#### [Task directions]
Exactly as written, write out the lines below from the first to the one containing "在传统霍根屋内摆姿势的美丽的85岁纳瓦霍族美国原住民老妇人图片素材", inclusive. Pictures do not belong in the copy.

#### [Material provided]

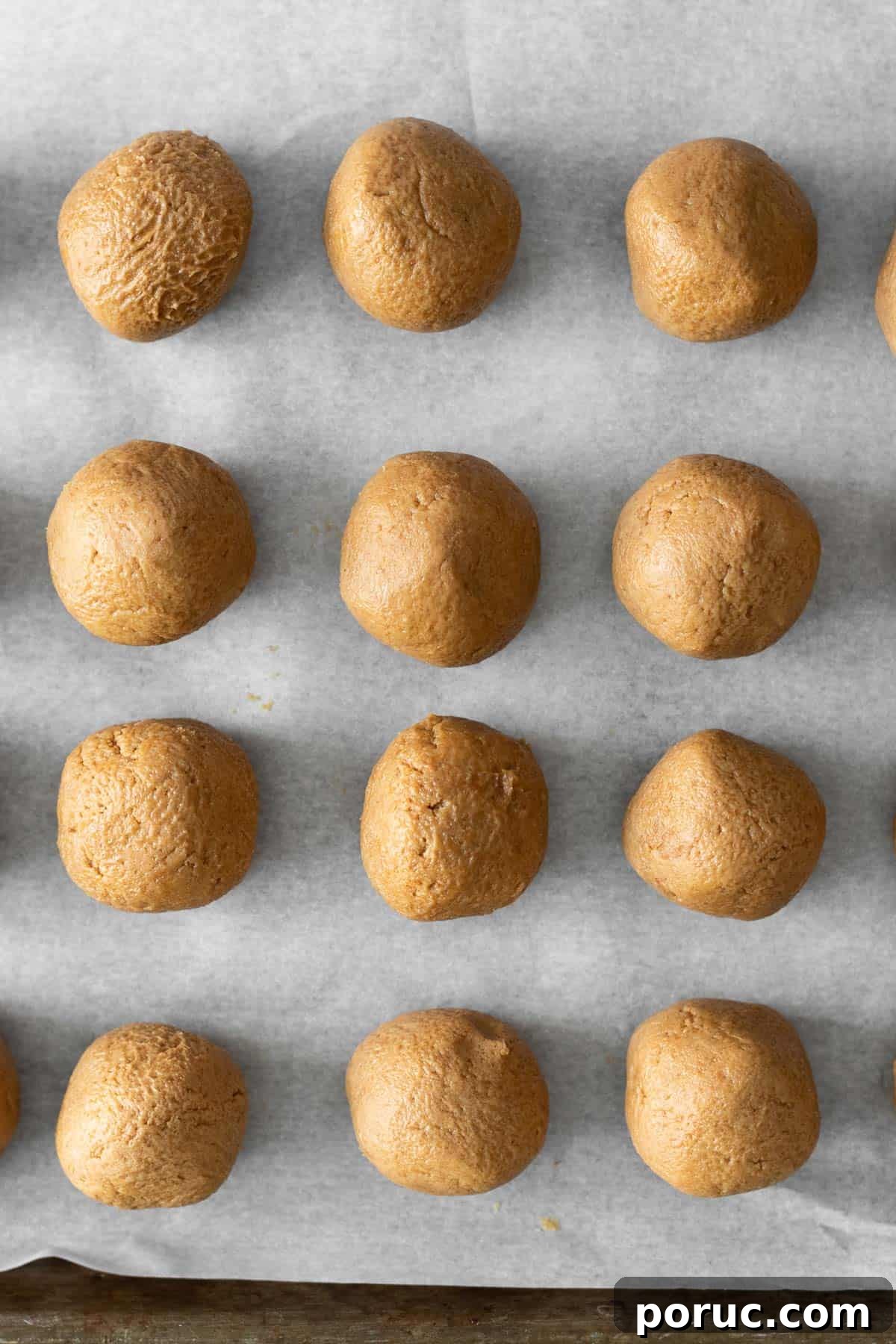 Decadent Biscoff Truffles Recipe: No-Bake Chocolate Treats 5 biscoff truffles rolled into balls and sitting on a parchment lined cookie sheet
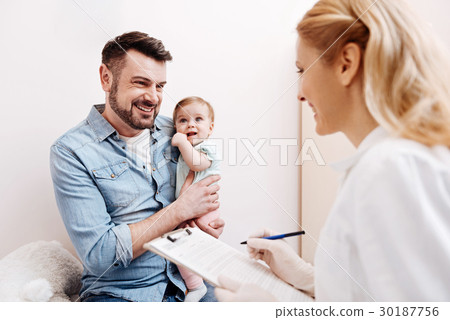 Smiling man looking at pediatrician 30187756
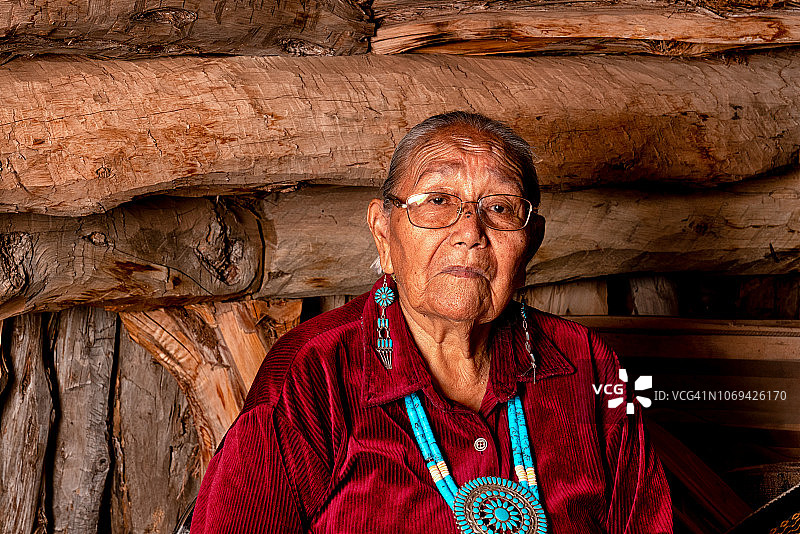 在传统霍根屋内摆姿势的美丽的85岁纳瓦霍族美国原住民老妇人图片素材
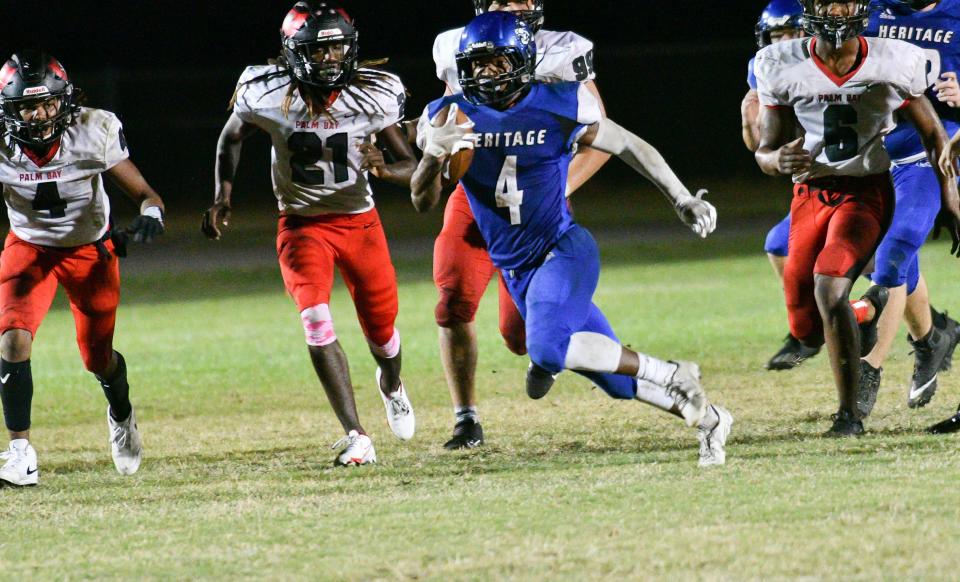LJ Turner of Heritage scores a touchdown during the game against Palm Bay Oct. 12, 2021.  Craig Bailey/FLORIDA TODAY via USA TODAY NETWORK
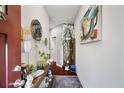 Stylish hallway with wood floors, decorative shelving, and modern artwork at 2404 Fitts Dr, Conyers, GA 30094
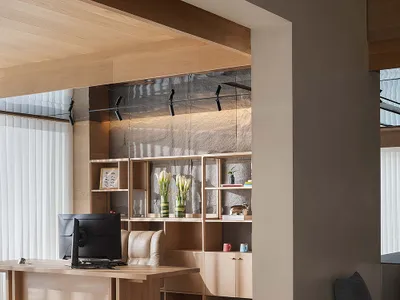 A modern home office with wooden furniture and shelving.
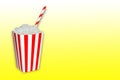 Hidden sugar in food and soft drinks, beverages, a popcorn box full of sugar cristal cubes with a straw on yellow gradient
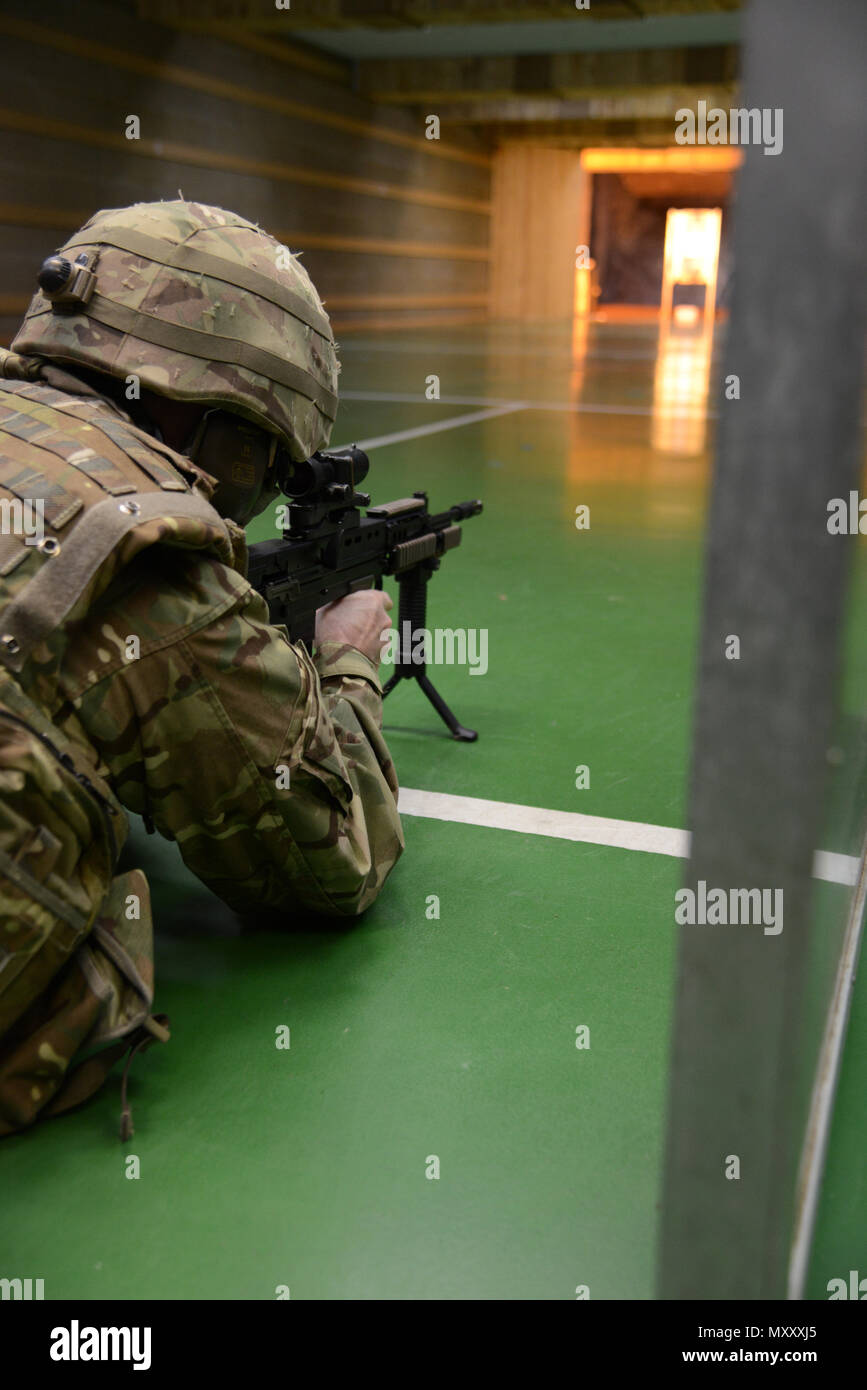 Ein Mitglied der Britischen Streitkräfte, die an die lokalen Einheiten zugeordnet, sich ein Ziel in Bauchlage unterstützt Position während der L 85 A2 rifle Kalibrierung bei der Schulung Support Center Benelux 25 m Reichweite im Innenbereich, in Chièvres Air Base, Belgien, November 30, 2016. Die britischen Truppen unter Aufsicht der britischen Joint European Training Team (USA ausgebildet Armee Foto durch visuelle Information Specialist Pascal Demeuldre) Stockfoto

#### [Response area]
 Decadent Biscoff Truffles Recipe: No-Bake Chocolate Treats 5 biscoff truffles rolled into balls and sitting on a parchment lined cookie sheet
 Smiling man looking at pediatrician 30187756
 在传统霍根屋内摆姿势的美丽的85岁纳瓦霍族美国原住民老妇人图片素材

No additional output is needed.